Pour OCP, il fallait à la fois regagner la confiance des gens et co-construire l’environnement (entre autres : développement du tissu économique local, amélioration du cadre de vie et promotion de l’employabilité des jeunes). Il voulait insuffler des actes durables en symbiose avec la stratégie du Groupe et les besoins des territoires. OCP a donc lancé le programme OCP skills.

Ce programme aspire à matérialiser la notion de la création de la valeur ajoutée partagée. Il répond intelligemment aux objectifs stratégiques cumulés de OCP: doubler la capacité et tripler la production d’engrais en répondant aux attentes des territoires. Ce programme concerne le recrutement de 5 800 salariés dans l’ensemble des métiers de l’OCP et l’accompagnement formateur d’environ 15 000 jeunes pour renforcer leur employabilité. Ce dispositif ambitieux qui privilégie les enfants d’agents retraités et les jeunes des zones limitrophes est aussi orienté vers le soutien des jeunes entrepreneurs porteurs de projets ainsi qu’aux acteurs associatifs.

Toujours dans le cadre du programme OCP Skills, OCP a lancé une batterie de projets dédiés à l’emploi et à la formation au niveau de ses sites à travers les OCP Skills Centers. Ces centres de formation sont conçus pour préparer des porteurs de projets, des responsables d’associations et des dirigeants de PME/TPE à la professionnalisation de leurs métiers et projets. Il s’agit principalement de former et d’encadrer les acteurs locaux susceptibles de créer des emplois, de produire des richesses et de participer au développement local.

Ce programme montre la volonté de OCP de mettre en place un modèle novateur de la RSE. Mais il faut noter que la traduction de cette volonté en termes managérial et organisationnel, afin d’en faire une culture maison et une marque de fabrique n’est pas aussi simple à atteindre.

L’enjeu managérial RSE

L’évolution de OCP vers une RSE proactive est passée par le renforcement de la place accordée à cette question aussi bien dans le discours que dans les pratiques. La RSE est aujourd’hui caractérisée par l’engagement de la Direction générale et la multiplicité des instances, tant en termes d’objectifs qui lui sont assignés que d’acteurs concourant à les mettre en œuvre.

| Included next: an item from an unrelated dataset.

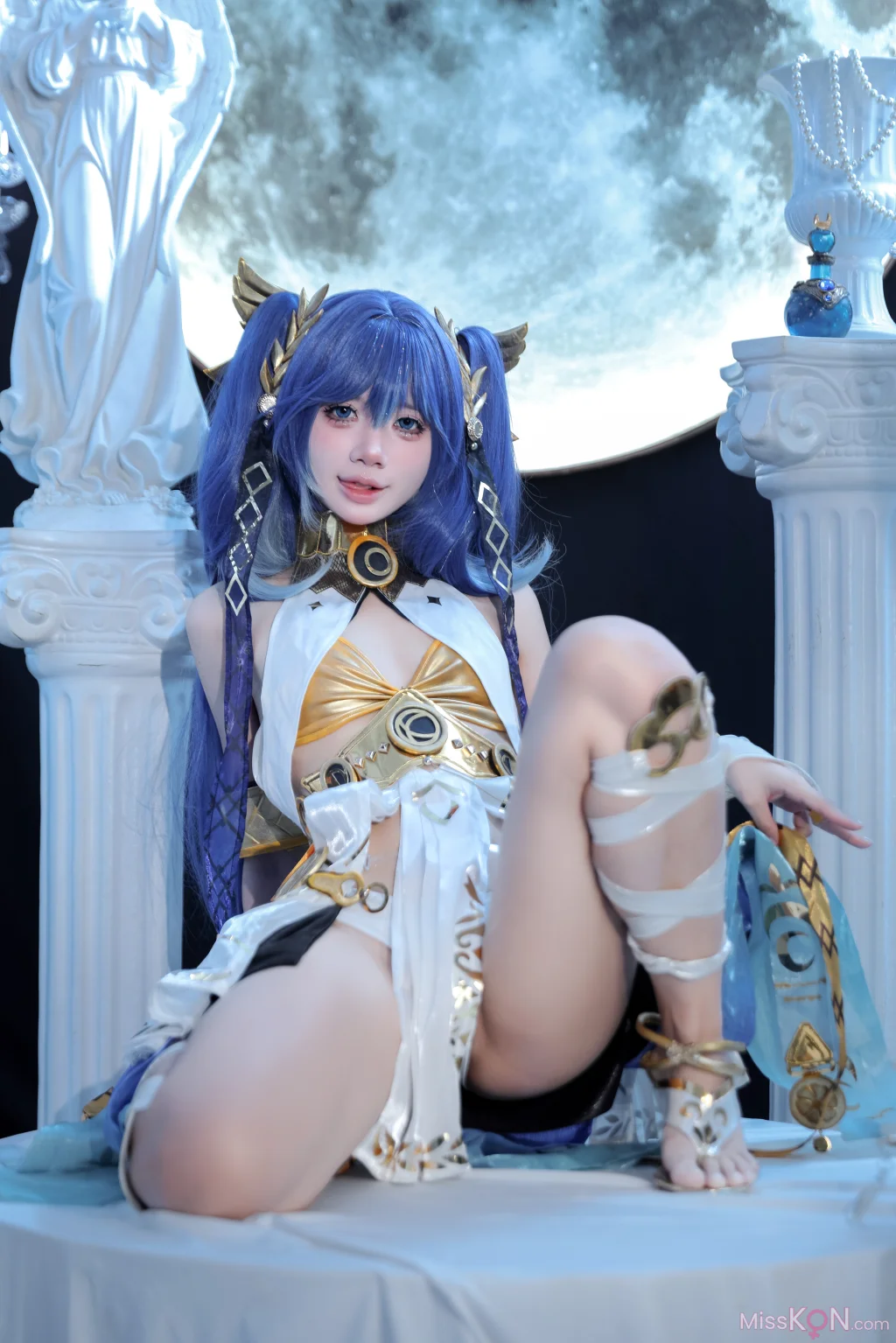 Coser@PoppaChan_ Iuno Wuthering Waves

Au niveau organisationnel, OCP a opté pour la multiplication des instances : une Direction développement durable (DDD) au niveau du Groupe, des DDD au niveau de chaque site, des centres de proximité et la Fondation OCP.

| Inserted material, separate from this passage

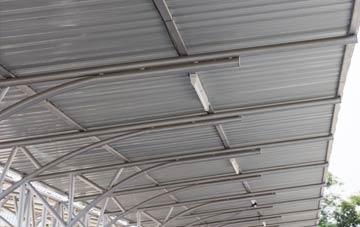 installing Eilanreach metal roofing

La DDD du groupe s’est vu confier le développement d’une stratégie environnementale et RSE pour OCP. Au niveau environnemental, la nouvelle direction a conservé le volet environnement sur lequel OCP était fortement engagé. Quant au niveau de la responsabilité sociétale, la DDD a été amenée à réfléchir à une stratégie de réconciliation de OCP avec son environnement par le développement du tissu économique local, l’amélioration du cadre de vie et la promotion de l’employabilité des jeunes.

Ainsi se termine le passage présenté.